* Problem description *
Copy out the data word for word, without any of its pictures.

* Given data *
BEGIN
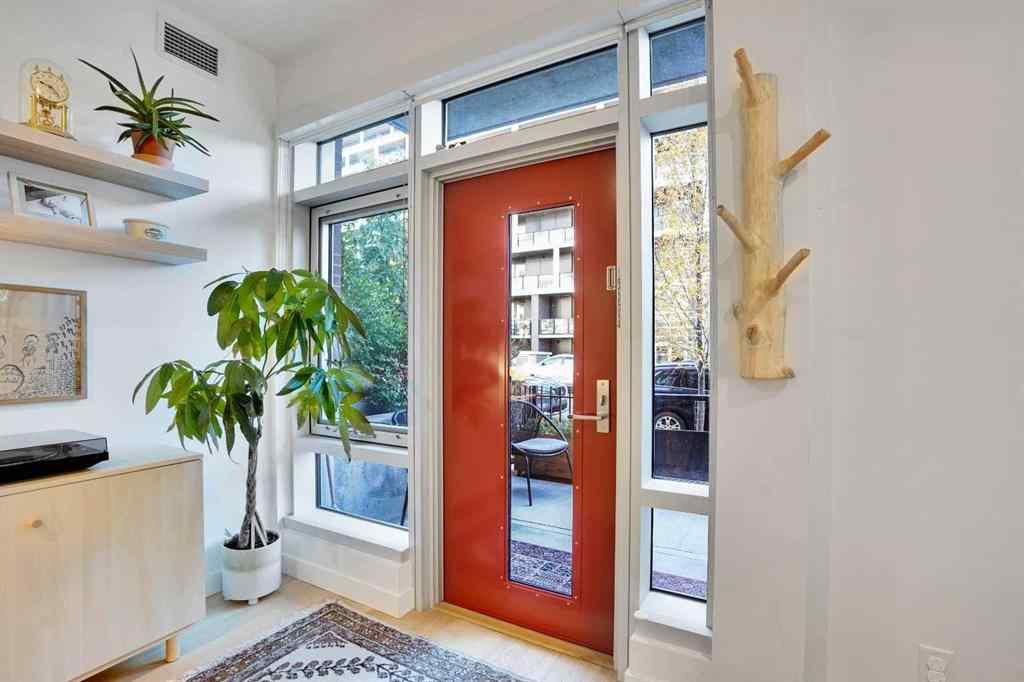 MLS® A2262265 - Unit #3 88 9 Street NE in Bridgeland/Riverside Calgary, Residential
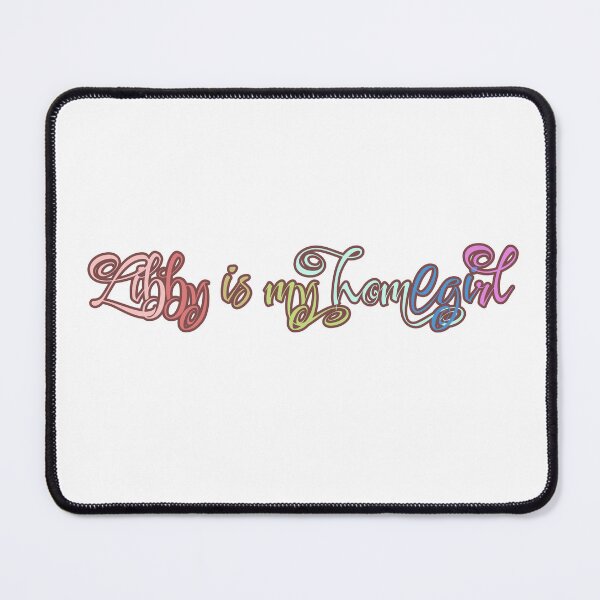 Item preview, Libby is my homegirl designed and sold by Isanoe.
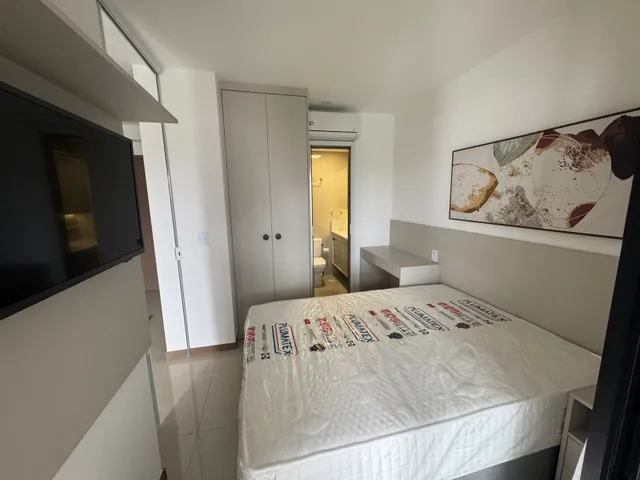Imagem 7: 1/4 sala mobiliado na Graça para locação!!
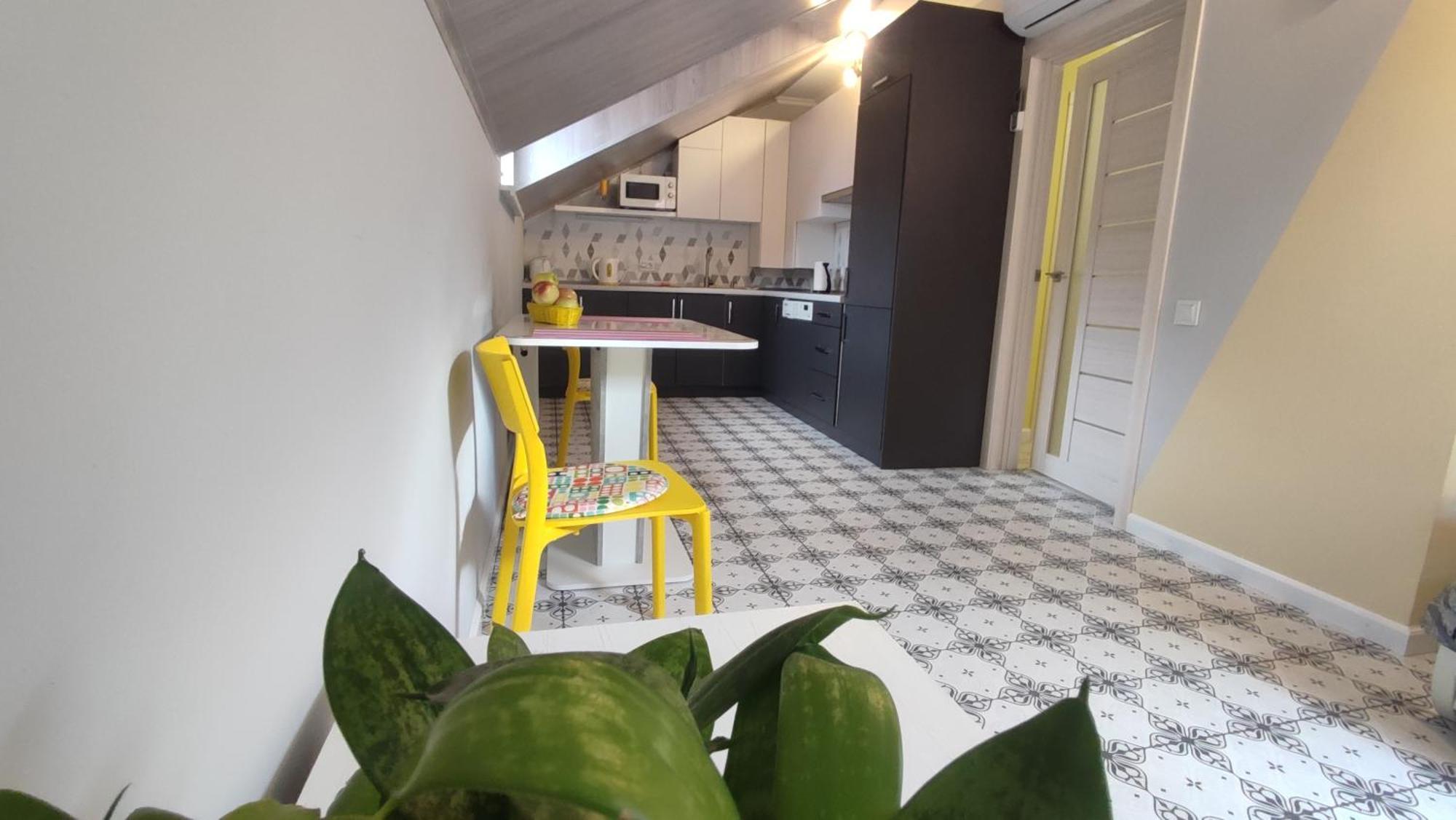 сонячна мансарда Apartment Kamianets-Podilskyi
END
* Task solution *
 MLS® A2262265 - Unit #3 88 9 Street NE in Bridgeland/Riverside Calgary, Residential
 Item preview, Libby is my homegirl designed and sold by Isanoe.
Imagem 7: 1/4 sala mobiliado na Graça para locação!!
 сонячна мансарда Apartment Kamianets-Podilskyi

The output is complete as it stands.